**What to work on**. With images removed, return the whole listing exactly as written.

**Dataset content**.
*** Block opens ***
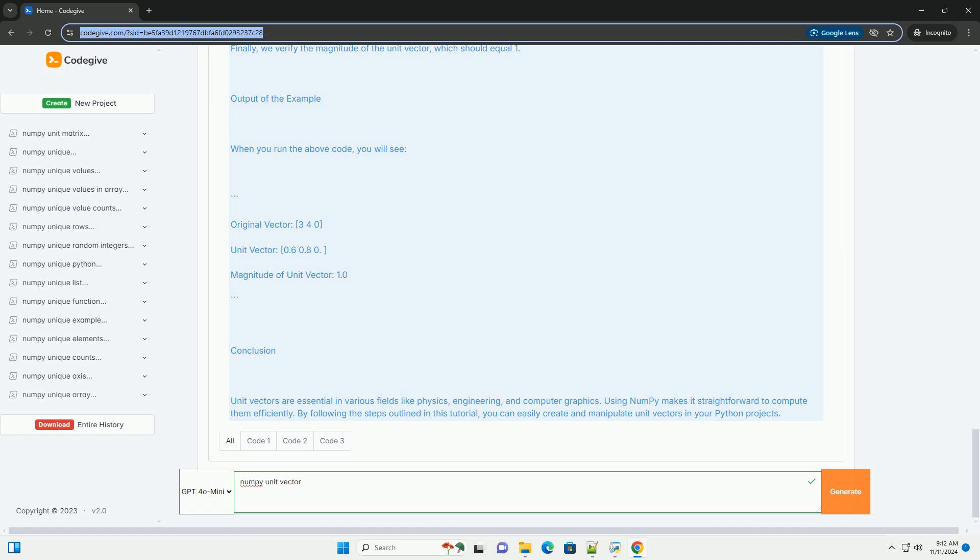Function Definition: The unit_vector function takes a NumPy array v as input. Magnitude Calculation: We use np.linalg.norm(v) to compute the magnitude, or length, of the vector.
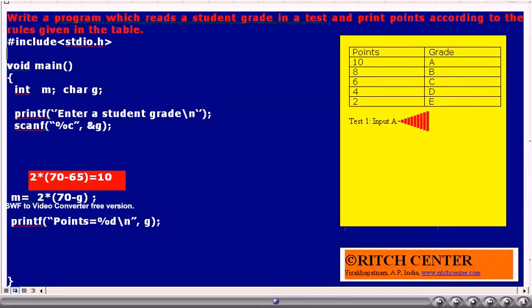If we enter capital A as input, we are getting 10 — that is the expected value. The same will be printed with the help of the printf statement.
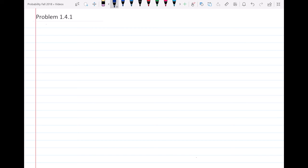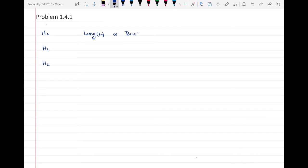So problem 1.4.1 says that mobile telephones perform handoffs as they move from cell to cell. During a call, a telephone either performs zero handoffs, one handoff (shown as H1), or more than one handoff (shown as H2). In addition, each call is either long (shown as L) or brief (shown as B). The following table describes the probabilities of the possible types of calls.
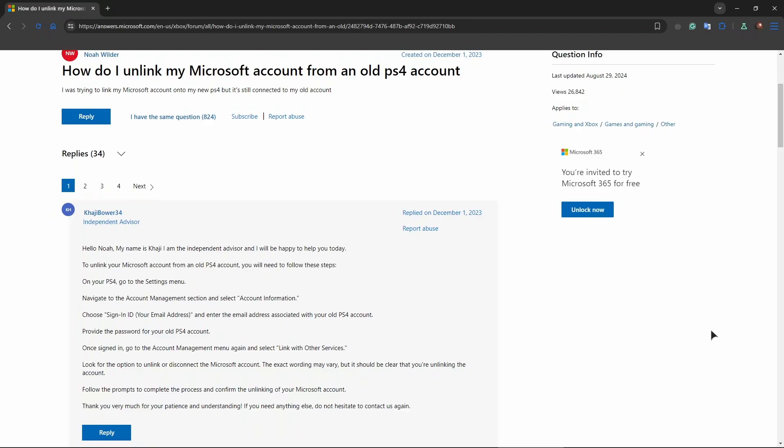Disconnect the Microsoft account. The exact wording may vary, but it should be clear that you're unlinking the account. Then follow the prompts to complete the process and confirm the unlinking of your Microsoft account.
*** Block closes ***
**Problem solution**.
Function Definition: The unit_vector function takes a NumPy array v as input. Magnitude Calculation: We use np.linalg.norm(v) to compute the magnitude, or length, of the vector.
If we enter capital A as input, we are getting 10 — that is the expected value. The same will be printed with the help of the printf statement.
So problem 1.4.1 says that mobile telephones perform handoffs as they move from cell to cell. During a call, a telephone either performs zero handoffs, one handoff (shown as H1), or more than one handoff (shown as H2). In addition, each call is either long (shown as L) or brief (shown as B). The following table describes the probabilities of the possible types of calls.
Disconnect the Microsoft account. The exact wording may vary, but it should be clear that you're unlinking the account. Then follow the prompts to complete the process and confirm the unlinking of your Microsoft account.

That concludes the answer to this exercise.